When coverage of an unfolding drama ceases to be fair and turns into a propaganda weapon, inconvenient facts get suppressed. So it is with the results of a recent YouGov Siraj poll on Syria commissioned by The Doha Debates, funded by the Qatar Foundation. Qatar's royal family has taken one of the most hawkish lines against Assad – the emir has just called for Arab troops to intervene – so it was good that The Doha Debates published the poll on its website. The pity is that it was ignored by almost all media outlets in every western country whose government has called for Assad to go.I first became aware of managed news and propaganda in the US when I was in military service in the late 1950s . I became acquainted with a soldier who was born and mostly raised in Cuba, after which his family emigrated to the US. From him I learned about all the US based organized crime that had essentially governed Cuba for many years. Following my discharge from the service in 1959, I decided to follow up by accessing news about Cuba. This, of course, was during the time immediately after the Cuba revolution. I was astonished by the blatant anti-Cuba propaganda that I was seeing everywhere in mainstream news coverage. I lived near a large university and thus was able to access a lot of news and information contained in more obscure publications. I was thoroughly astonished at the contrast in coverage.
That experience continued over the years through the Civil Rights Movement, the anti-Vietnam War movement, throughout the cold war, and the various political events in Latin America where US operatives were manipulating events from behind the scenes. Also, after becoming an adult I reviewed the Korean War, and discovered so many truths that had been hidden from me as a teenager. (Read at least volume 1 of The Origins of the Korean War by Bruce Cumings.) This experience is currently repeating itself in the coverage of events in Syria.
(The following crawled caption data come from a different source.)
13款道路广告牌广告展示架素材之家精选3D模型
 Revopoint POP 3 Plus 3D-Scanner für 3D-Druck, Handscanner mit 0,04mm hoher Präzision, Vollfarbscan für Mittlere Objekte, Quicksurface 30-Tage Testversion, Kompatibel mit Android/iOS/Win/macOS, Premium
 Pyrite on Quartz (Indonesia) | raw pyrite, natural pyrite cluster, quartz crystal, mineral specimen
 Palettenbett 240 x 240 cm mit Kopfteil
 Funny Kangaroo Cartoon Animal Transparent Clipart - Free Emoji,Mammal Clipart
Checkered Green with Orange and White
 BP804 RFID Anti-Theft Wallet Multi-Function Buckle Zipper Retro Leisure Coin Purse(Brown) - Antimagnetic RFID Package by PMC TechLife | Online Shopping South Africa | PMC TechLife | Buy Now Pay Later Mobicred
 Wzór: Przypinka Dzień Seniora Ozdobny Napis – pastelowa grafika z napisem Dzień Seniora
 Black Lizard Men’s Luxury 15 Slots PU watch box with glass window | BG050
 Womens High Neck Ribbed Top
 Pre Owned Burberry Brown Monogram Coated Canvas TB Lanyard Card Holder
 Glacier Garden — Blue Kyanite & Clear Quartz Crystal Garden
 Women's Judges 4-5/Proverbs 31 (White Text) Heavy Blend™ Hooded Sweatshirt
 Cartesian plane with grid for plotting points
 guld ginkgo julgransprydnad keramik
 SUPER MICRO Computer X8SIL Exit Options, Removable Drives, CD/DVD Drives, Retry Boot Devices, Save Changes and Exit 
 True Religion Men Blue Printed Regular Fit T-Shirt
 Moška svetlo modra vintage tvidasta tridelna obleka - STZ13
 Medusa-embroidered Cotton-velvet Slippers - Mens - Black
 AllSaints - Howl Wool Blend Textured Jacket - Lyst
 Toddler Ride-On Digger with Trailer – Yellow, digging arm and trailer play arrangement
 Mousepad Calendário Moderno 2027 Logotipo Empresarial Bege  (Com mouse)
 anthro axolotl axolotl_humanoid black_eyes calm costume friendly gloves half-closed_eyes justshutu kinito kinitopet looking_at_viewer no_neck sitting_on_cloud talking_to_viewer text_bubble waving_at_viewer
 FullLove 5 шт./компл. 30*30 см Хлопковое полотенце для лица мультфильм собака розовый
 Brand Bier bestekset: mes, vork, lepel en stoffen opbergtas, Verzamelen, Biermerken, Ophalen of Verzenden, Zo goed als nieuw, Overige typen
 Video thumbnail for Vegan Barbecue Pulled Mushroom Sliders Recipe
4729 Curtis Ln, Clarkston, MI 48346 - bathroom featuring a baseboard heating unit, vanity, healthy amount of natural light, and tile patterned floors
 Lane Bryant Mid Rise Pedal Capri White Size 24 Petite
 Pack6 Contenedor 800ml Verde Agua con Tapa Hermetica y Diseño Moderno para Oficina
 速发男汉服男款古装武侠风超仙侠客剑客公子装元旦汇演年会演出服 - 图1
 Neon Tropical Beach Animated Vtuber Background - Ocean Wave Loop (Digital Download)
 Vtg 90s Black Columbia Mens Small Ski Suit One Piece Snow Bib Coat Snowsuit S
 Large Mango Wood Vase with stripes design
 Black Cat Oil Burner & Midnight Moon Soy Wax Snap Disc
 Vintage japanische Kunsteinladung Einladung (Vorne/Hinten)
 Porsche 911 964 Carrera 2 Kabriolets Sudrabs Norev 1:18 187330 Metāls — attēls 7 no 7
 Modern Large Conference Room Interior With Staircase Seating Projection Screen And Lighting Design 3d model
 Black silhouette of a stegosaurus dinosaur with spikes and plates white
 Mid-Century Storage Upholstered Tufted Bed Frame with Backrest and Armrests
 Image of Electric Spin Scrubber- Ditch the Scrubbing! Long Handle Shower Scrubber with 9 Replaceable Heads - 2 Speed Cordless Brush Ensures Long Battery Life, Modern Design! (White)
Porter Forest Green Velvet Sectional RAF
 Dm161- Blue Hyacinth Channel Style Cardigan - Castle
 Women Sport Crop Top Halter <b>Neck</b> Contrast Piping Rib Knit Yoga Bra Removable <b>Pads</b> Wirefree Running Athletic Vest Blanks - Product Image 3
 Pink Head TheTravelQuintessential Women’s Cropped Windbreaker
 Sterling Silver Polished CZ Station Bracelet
I am a bit fascinated as to how the operatives of the ruling class are able to control the coverage so well. Yes, I know that control and ownership of most media is concentrated in large corporations, but still it is very much as if there were an Orwellian Ministry of Information somewhere than was controlling the coverage. The fact that they have been able to accomplish the same control while maintaining, in the minds of many citizens of the US, the image of a free and independent media is mind-boggling.